Pour ma part, je ne parlerai pas de patchwork. Je dirai plutôt que nous avons
fait un travail de fourmi qui était utile parce que nécessaire.
Pour les personnes intéressées, nos concitoyens, ce travail a tendu à rendre
plus simples certain actes, certaines procédures, certaines démarches,
c'est-à-dire le fonctionnement de notre justice.
Je veux saluer le travail de notre rapporteur, M. Fauchon, et sa volonté
marquée d'améliorer ce texte.
Je joins ma voix à celle de M. Hyest pour déplorer que l'intervention de M.
Millaud sur la situation des TOM soit restée sans réponse.
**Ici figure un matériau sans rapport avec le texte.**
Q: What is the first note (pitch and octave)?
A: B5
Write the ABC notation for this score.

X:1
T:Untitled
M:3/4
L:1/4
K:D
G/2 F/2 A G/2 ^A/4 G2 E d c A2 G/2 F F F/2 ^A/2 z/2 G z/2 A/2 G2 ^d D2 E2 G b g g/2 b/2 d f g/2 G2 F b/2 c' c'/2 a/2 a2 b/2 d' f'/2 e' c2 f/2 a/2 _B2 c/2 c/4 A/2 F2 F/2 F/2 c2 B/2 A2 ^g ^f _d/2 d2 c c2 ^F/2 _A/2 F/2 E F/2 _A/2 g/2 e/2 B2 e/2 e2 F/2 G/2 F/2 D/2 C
Cette réponse, il
faudra la lui apporter.
En ce qui les concerne, les membres du groupe du RPR voteront ce texte.
M. le président.
Personne ne demande plus la parole ?...
Je mets aux voix l'ensemble du projet de loi.
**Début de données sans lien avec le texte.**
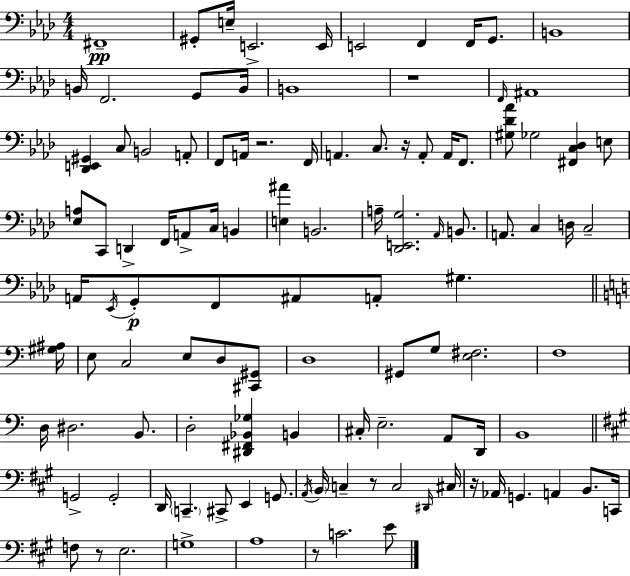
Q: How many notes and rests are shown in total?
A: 110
(Le projet de loi est adopté.)
6
TRANSMISSION D'UN PROJET DE LOI
M. le président.
J'ai reçu, transmis par M. le Premier ministre, un projet de loi, adopté avec
modifications par l'Assemblée nationale en deuxième lecture, portant
modification de l'ordonnance n° 45-2339 du 13 octobre 1945 relative aux
spectacles.
Le projet de loi sera imprimé sous le n° 512, distribué et renvoyé à la
commission des affaires culturelles.
7
DÉPÔT D'UNE PROPOSITION DE LOI
M. le président.
J'ai reçu de M. Bernard Joly une proposition de loi visant à conférer une plus
forte reconnaissance au vote blanc.
La proposition de loi sera imprimée sous le n° 514, distribuée et renvoyée à
la commission des lois constitutionnelles, de législation, du suffrage
universel, du règlement et d'administration générale, sous réserve de la
constitution éventuelle d'une commission spéciale dans les conditions prévues
par le règlement.
8
DÉPÔT D'UN RAPPORT
M. le président.
J'ai reçu de M. Charles Jolibois un rapport fait au nom de la commission des
lois constitutionnelles, de législation, du suffrage universel, du règlement et
d'administration générale sur :
- le projet de loi constitutionnelle, adopté par l'Assemblée nationale,
relatif au Conseil supérieur de la magistrature (n° 476, 1997-1998) ;
- et la proposition de loi constitutionnelle de MM. Daniel Millaud, Marcel
Henry et Simon Loueckhote tendant à modifier l'article 65 de la Constitution
(n° 319, 1997-1998).
Le rapport sera imprimé sous le n° 511 et distribué.
9
DÉPÔT D'UN RAPPORT D'INFORMATION
M. le président.
J'ai reçu de M. Hubert Haenel un rapport d'information fait au nom de la
commission des finances, du contrôle budgétaire et des comptes économiques de
la nation sur le classement sans suite.
Le rapport d'information sera imprimé sous le numéro 513 et distribué.
10
ORDRE DU JOUR
M. le président.
Voici quel sera l'ordre du jour de la prochaine séance publique, précédemment
fixée au mardi 23 juin 1998 :
A neuf heures trente :
1. Questions orales avec débat suivantes :
I. - M. Charles Descours appelle l'attention de Mme le ministre de l'emploi et
de la solidarité sur l'avenir du MICA - mécanisme d'incitation à la cessation
d'activité.
Les ordonnances de réforme de la sécurité sociale ont mis en place ce système
de préretraite des médecins libéraux pour réguler la démographie médicale.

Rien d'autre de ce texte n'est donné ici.